Barbara Jordan entered Houston politics in the early 1960s.  Though unsuccessful in obtaining the nomination as state representative in 1962 and 1964, in 1966 she became the first African American since 1883 to serve in the Texas Senate and the first black woman elected to that body.  She later served as president pro tem of the state senate and for one day in 1972, served as acting governor of the state.

In November 1972, Jordan, a Democrat and protégée of former President Lyndon Johnson, defeated Republican Congressman Paul Merritt to represent Texas’s Eighteenth District in the U.S. House of Representatives.  Jordan was known for her expert knowledge in constitutional matters.  With help from former President Johnson, Jordan obtained a seat on the House Judiciary Committee where she earned a national reputation for her prominent role in the President Richard Nixon impeachment hearings in 1974.

Jordan’s name appeared as a sponsor on several major pieces of legislation including the Consumer Goods Pricing Act of 1975, the Voting Rights Act of 1975 (an extension of the more famous 1965 measure), and the Equal Rights Amendment in 1977. The Voting Rights Act of 1975 extended to Spanish-heritage, American Indian, Alaskan Natives, and Asian American language minorities the provisions which had successfully registered to vote thousands of African Americans in the South in the previous decade.  Jordan also helped extend the state ratification deadline for the Equal Rights Amendment from 1979 to 1986. She was also a supporter of the Community Reinvestment Act of 1977 which required banks to lend money and make services available to under-served poor and minority communities.

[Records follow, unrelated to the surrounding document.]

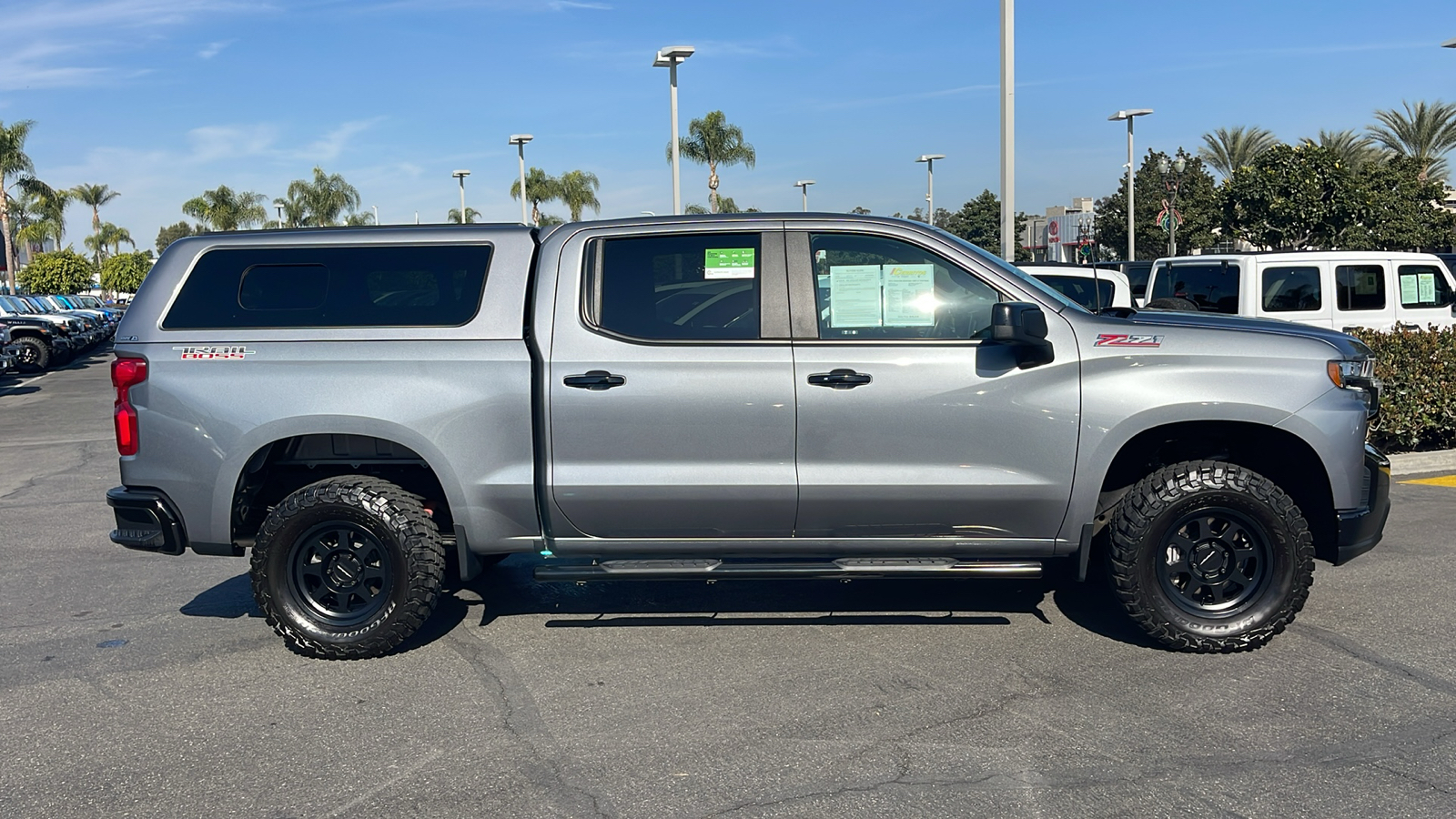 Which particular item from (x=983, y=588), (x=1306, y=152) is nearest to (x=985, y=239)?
(x=1306, y=152)

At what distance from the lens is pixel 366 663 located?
5320mm

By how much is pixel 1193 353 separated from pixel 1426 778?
188 centimetres

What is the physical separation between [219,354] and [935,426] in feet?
10.3


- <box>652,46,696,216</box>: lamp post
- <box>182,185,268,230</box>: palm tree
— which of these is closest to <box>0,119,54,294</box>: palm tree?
<box>182,185,268,230</box>: palm tree

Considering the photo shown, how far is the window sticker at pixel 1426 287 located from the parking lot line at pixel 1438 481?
15.7 feet

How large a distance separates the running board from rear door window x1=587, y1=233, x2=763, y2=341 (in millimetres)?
999

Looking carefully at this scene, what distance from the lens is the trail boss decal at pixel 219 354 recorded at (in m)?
5.21

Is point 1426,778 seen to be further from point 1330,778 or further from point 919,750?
point 919,750

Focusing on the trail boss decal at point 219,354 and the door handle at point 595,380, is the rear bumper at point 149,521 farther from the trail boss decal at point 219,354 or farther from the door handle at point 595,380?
the door handle at point 595,380

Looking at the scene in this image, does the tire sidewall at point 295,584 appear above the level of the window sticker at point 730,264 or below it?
below

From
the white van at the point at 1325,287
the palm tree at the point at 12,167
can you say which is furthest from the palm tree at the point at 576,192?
the white van at the point at 1325,287

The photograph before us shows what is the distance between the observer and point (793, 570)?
512 cm

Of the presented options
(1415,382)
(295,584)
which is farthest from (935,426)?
(1415,382)

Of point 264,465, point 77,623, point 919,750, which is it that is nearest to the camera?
point 919,750
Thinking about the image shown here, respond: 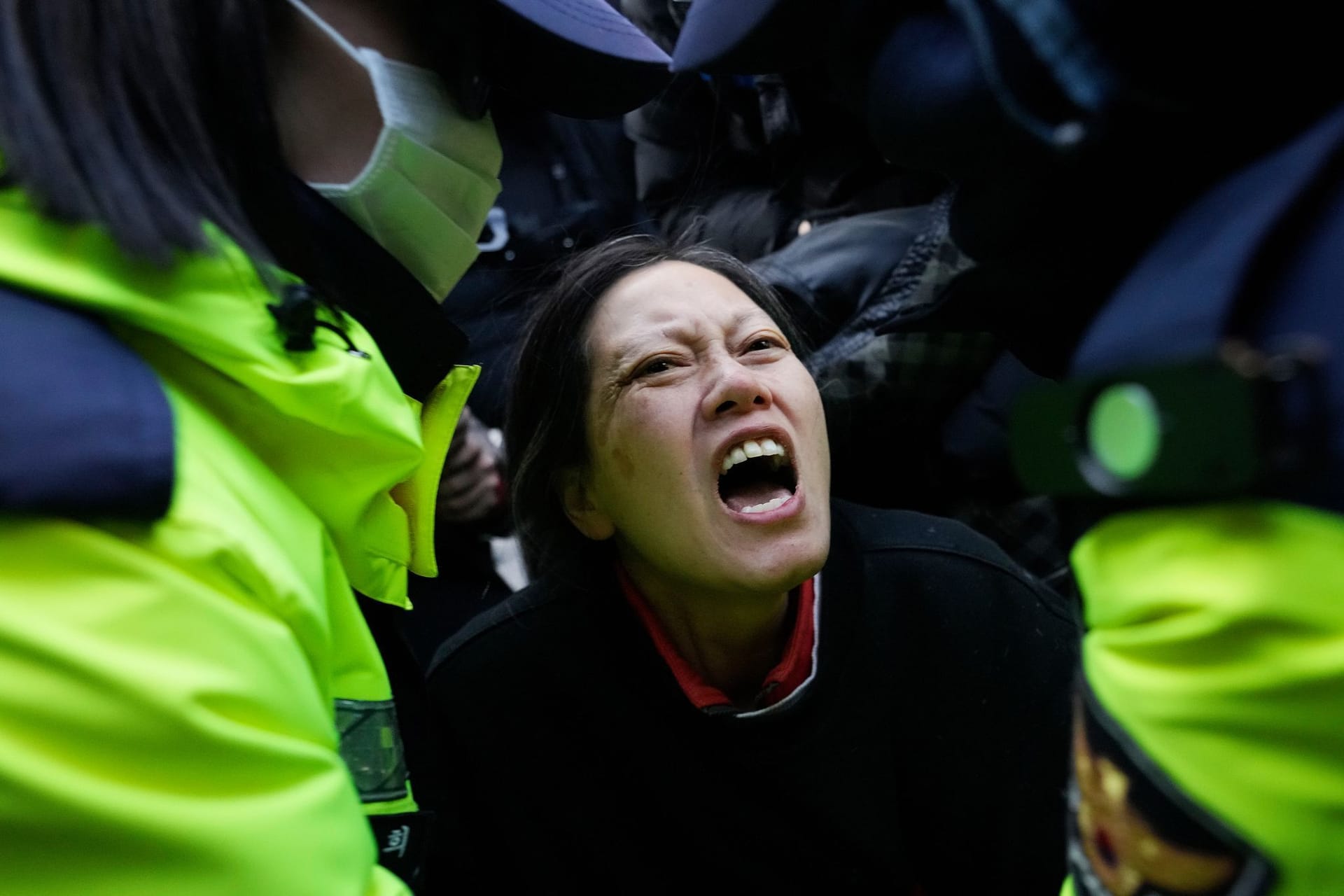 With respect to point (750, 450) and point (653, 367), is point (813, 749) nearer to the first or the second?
point (750, 450)

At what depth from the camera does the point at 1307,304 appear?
1.85 feet

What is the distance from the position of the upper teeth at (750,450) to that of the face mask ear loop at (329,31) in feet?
2.11

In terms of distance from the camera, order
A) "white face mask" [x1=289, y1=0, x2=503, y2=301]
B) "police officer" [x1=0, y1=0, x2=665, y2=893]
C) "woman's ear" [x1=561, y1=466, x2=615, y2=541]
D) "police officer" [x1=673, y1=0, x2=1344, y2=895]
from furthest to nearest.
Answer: "woman's ear" [x1=561, y1=466, x2=615, y2=541] → "white face mask" [x1=289, y1=0, x2=503, y2=301] → "police officer" [x1=0, y1=0, x2=665, y2=893] → "police officer" [x1=673, y1=0, x2=1344, y2=895]

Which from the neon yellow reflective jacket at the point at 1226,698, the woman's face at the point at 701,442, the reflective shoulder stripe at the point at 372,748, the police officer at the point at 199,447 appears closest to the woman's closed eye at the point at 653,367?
the woman's face at the point at 701,442

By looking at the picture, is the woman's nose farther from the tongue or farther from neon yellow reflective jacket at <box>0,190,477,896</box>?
neon yellow reflective jacket at <box>0,190,477,896</box>

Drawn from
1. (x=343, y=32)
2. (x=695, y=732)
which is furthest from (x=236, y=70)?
(x=695, y=732)

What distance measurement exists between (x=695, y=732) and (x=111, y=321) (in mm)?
953

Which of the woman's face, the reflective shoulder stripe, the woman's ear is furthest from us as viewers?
the woman's ear

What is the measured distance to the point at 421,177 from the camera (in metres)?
1.13

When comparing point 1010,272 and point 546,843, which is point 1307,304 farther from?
point 546,843

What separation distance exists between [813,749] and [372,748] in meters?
0.65

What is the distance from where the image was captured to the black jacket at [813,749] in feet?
4.79

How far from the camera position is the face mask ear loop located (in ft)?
3.36

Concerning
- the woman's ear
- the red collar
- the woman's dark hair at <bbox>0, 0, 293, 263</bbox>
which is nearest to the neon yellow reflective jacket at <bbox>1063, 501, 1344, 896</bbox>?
the woman's dark hair at <bbox>0, 0, 293, 263</bbox> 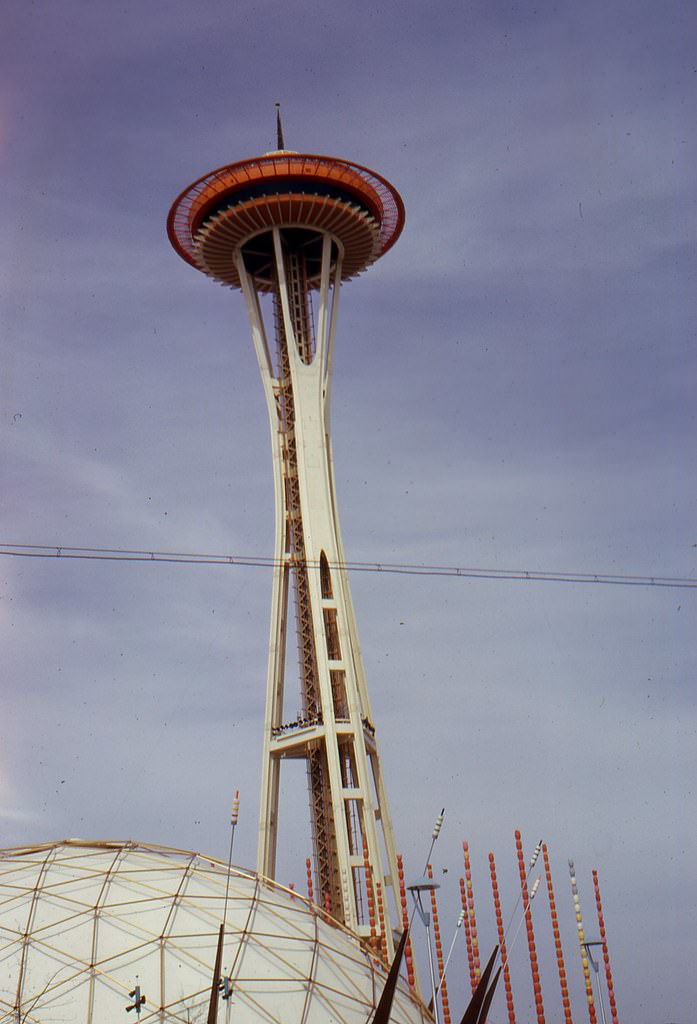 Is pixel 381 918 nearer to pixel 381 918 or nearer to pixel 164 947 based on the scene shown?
pixel 381 918

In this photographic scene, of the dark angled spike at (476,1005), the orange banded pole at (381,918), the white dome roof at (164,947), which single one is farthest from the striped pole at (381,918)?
the dark angled spike at (476,1005)

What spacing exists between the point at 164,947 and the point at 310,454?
31062 mm

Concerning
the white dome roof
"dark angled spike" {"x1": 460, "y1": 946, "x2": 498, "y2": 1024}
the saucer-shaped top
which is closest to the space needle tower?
the saucer-shaped top

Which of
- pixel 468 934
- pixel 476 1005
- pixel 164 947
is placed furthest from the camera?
pixel 468 934

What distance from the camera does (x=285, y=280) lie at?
60.6m

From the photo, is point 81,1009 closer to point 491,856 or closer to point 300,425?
point 491,856

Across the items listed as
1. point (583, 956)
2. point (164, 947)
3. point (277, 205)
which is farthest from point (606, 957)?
point (277, 205)

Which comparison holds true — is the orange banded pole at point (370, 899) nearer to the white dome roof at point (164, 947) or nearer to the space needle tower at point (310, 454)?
the space needle tower at point (310, 454)

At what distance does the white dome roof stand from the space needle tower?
1761 cm

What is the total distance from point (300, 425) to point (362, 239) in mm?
10787

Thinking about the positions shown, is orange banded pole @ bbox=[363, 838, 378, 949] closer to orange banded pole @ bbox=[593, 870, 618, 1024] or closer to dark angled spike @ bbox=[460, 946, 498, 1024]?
orange banded pole @ bbox=[593, 870, 618, 1024]

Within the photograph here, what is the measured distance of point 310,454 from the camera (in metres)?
57.8

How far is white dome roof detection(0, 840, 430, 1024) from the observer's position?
28.5 m

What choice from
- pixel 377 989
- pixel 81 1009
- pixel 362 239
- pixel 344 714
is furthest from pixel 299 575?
pixel 81 1009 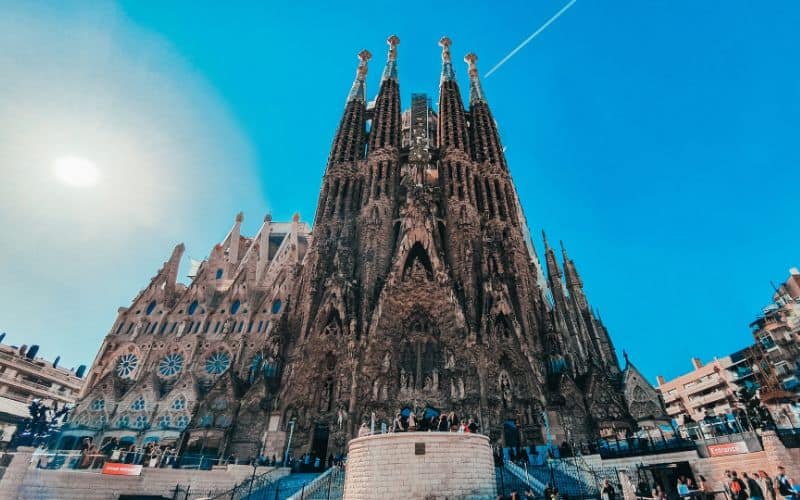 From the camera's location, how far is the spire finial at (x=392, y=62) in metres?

In July of 1976, she became the first African American and the first woman to deliver a keynote address to a Democratic National Convention.  She returned as a keynote speaker at the National Democratic Convention of 1992.

In 1973, Barbara Jordan began to suffer from multiple sclerosis.  For some time she kept her illness from the public and the press, although she began to use a cane by the late 1970s and was eventually confined to a wheelchair.

In December 1978, Jordan chose not to run for the reelection to the Eighteenth Congressional District.  The following year she became a professor at the Lyndon B. Johnson School of Public Affairs at the University of Texas in Austin. Also in 1979 she was named Centennial Chairman of the Lyndon B. Johnson Institute for National Policy.  In 1994 Jordan was awarded the Presidential Medal of Freedom, and one year later, she became the second woman to win the United States Military Academy’s Sylvanus Thayer Award.  Jordan passed away in Austin, Texas on January 17, 1996.